(Beginning of DATA FOR THIS EXERCISE)

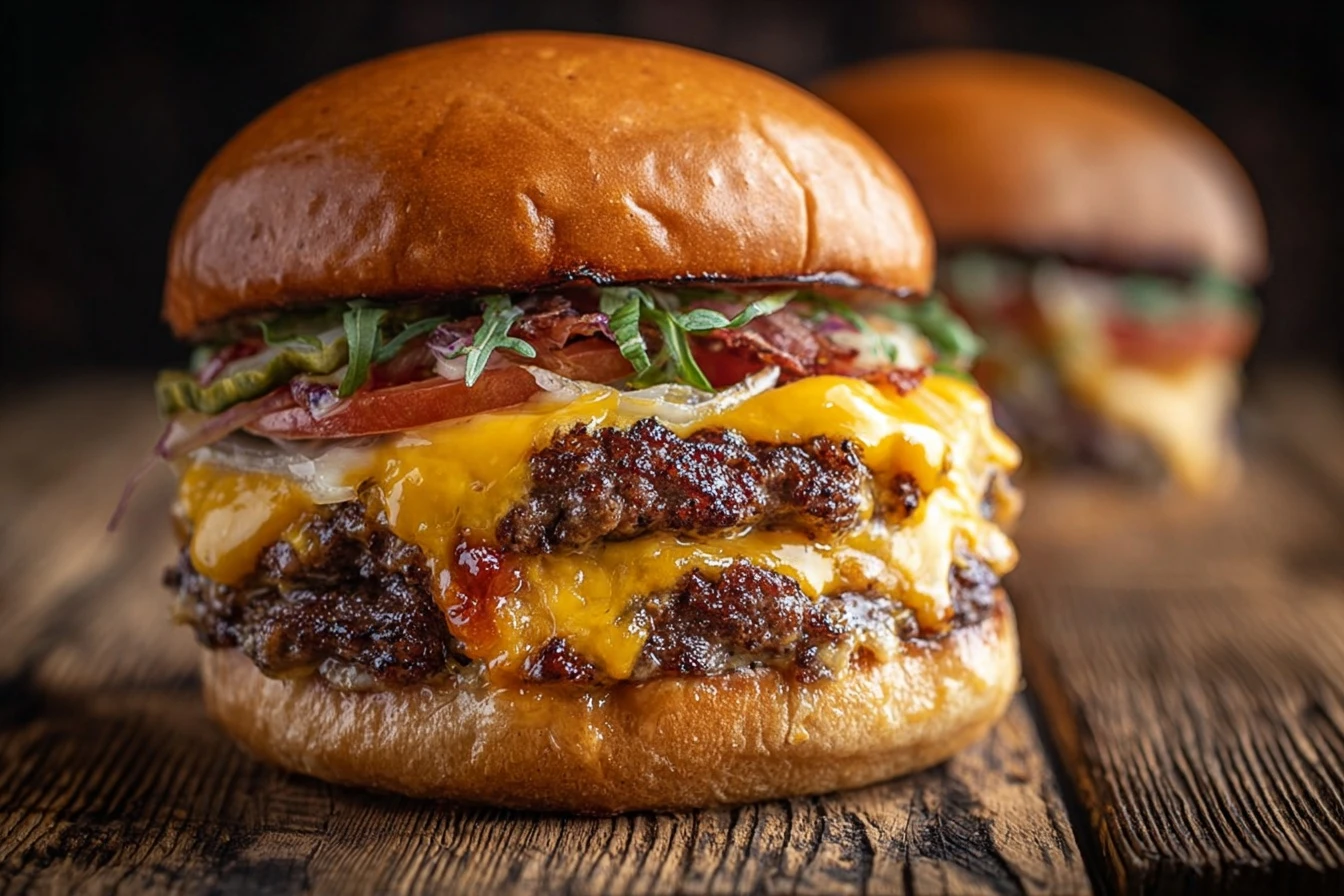 Quick Cheesy Smash Burger Recipe 15-minute Double Cheeseburger Ideas Easy Double Cheesy Burger Tutorial Fast Double Cheese...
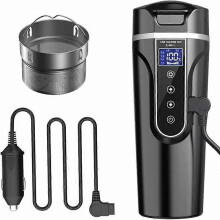Car Kettle, 12V/24V Car Electric Kettle Heated Water Cup for Car/Truck/Travel, Portable Car Electric Kettle with LCD Display Made of 304 Stainless Ste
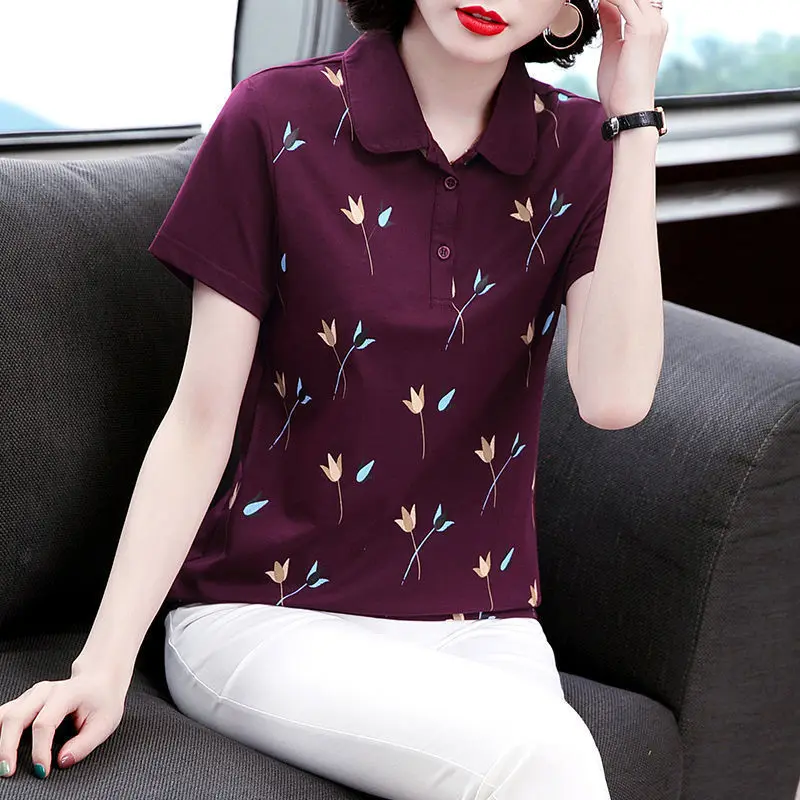 Summer Ladies Polo Shirt Female Short Sleeve Basic Tee Shirt Ladies Clothing Fashion 2022 New Elegant and Casual Polo Blouse A26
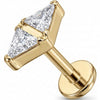 Titane Labret Nœud Papillon Double Triangle Filetage Interne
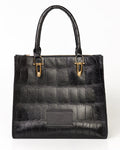 Bolsa Tote Gaia Couro Giant Croco Preto WOOW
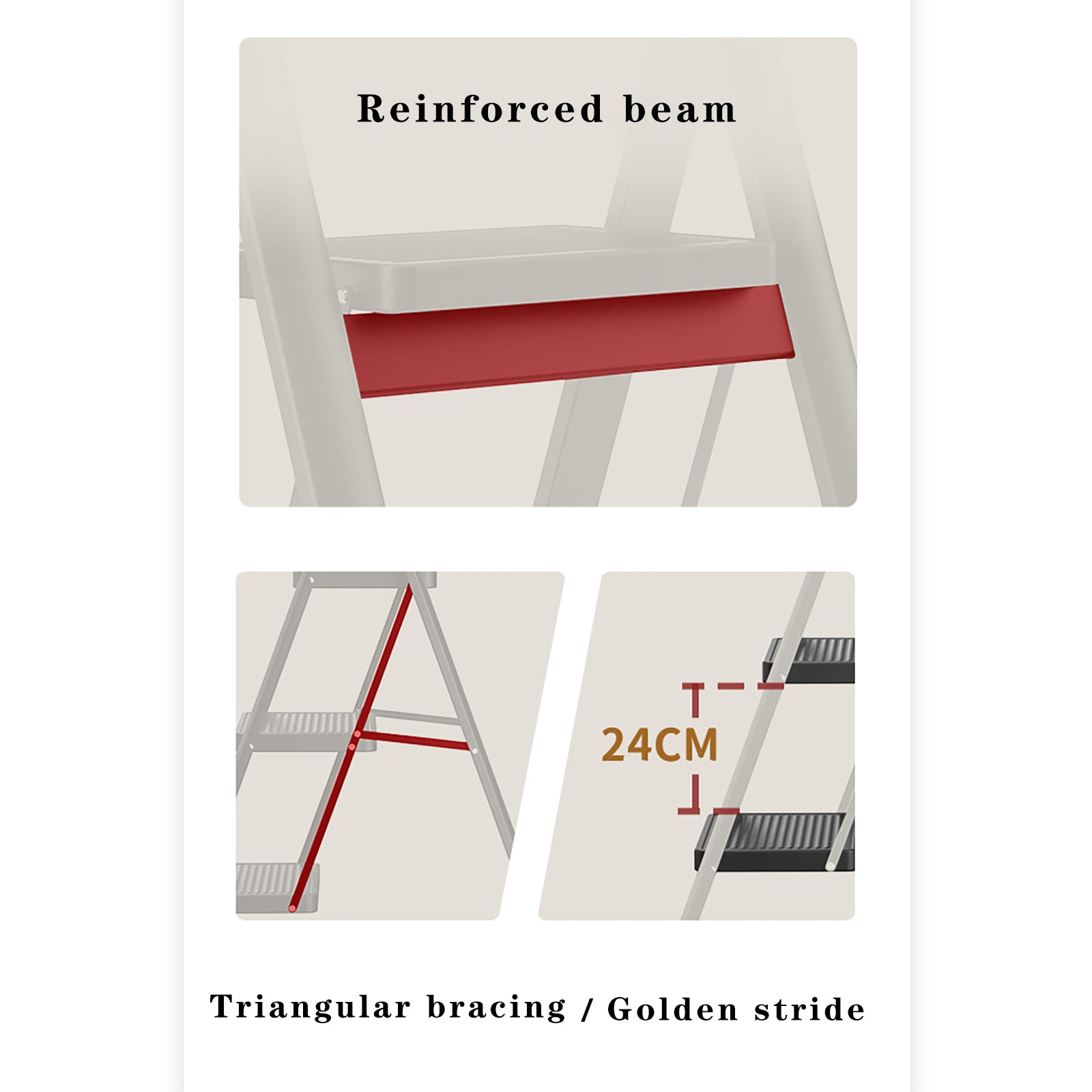 Tikkaat, 4 tasoa, taitettavat, alumiiniset, leveät, kevyet, kompaktit, tikkaat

(End of DATA FOR THIS EXERCISE)

* TASK DESCRIPTION *
Reproduce verbatim, and only, the lines starting at the one that contains "Bolsa Tote Gaia Couro Giant Croco Preto WOOW" and ending with the final line of the records; leave out the pictures.

* PROBLEM SOLUTION *
 Bolsa Tote Gaia Couro Giant Croco Preto WOOW
 Tikkaat, 4 tasoa, taitettavat, alumiiniset, leveät, kevyet, kompaktit, tikkaat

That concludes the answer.